* Work task
Leave out the pictures and copy everything else in the records exactly.

________

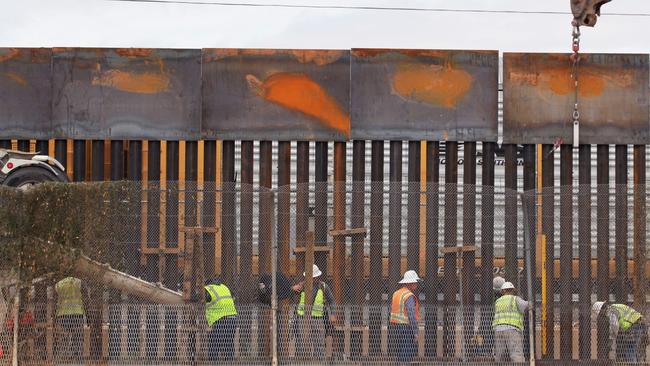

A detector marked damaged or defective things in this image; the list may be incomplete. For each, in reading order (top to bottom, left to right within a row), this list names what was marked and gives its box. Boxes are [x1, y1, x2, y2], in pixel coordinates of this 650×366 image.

rusted metal panel [0, 48, 51, 139]
rusted metal panel [51, 48, 200, 139]
rusted metal panel [201, 50, 350, 142]
rusted metal panel [350, 50, 496, 142]
rusted metal panel [504, 53, 644, 144]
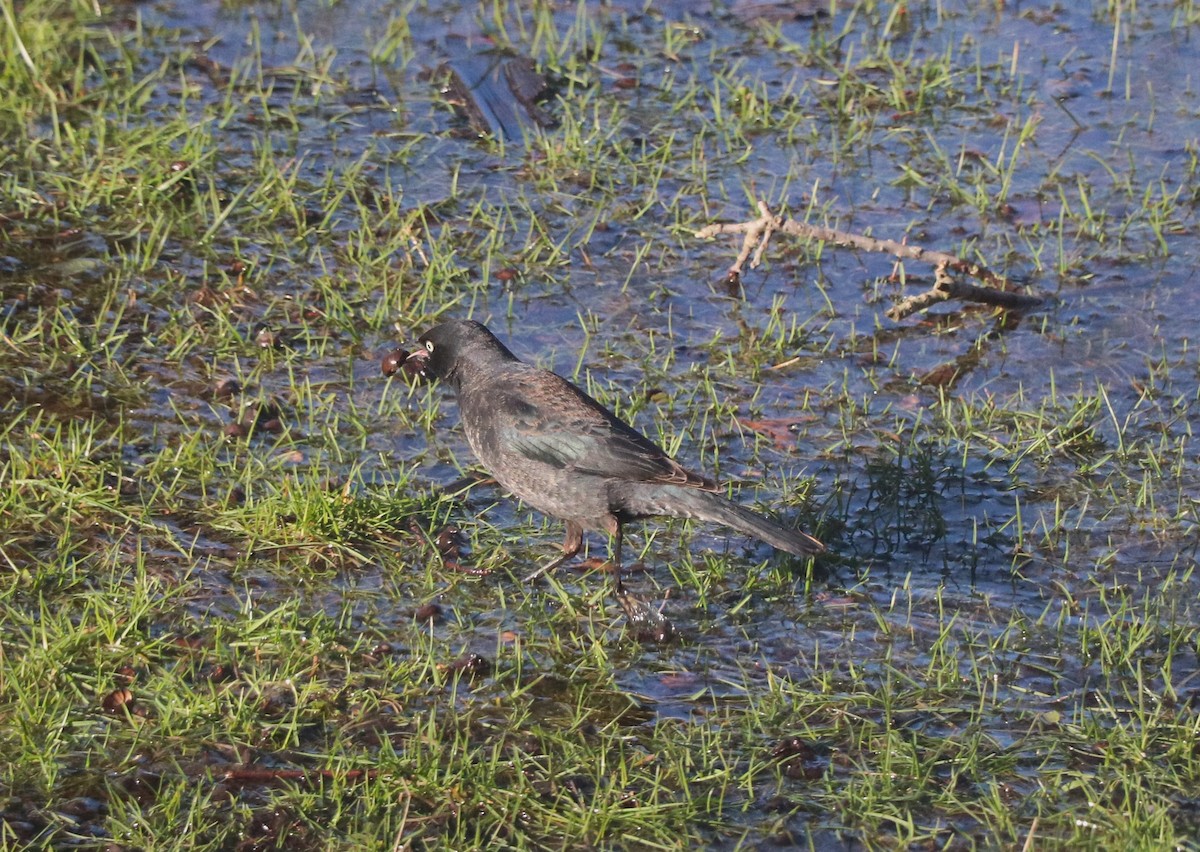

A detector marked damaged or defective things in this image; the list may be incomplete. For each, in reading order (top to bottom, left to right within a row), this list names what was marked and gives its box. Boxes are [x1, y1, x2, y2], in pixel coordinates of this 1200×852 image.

rusty blackbird [406, 320, 824, 592]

________

* Output for this exercise
A detector marked damaged or defective things in this image; the list may be incomplete. For each, in reading order (top to bottom, left to right within a row), this list names what was marked and gives its box. Boxes are [x1, y1, x2, y2], in pixel coordinates of this 650×366 image.

rusted metal panel [0, 48, 51, 139]
rusted metal panel [51, 48, 200, 139]
rusted metal panel [201, 50, 350, 142]
rusted metal panel [350, 50, 496, 142]
rusted metal panel [504, 53, 644, 144]

A detector marked damaged or defective things in this image; the list may be incomplete. For each, in reading order (top to bottom, left to right within a row), this list names what was marked and gives its box. Boxes are [x1, y1, x2, y2], in pixel coordinates of this 1200×852 image.

rusty blackbird [406, 320, 824, 592]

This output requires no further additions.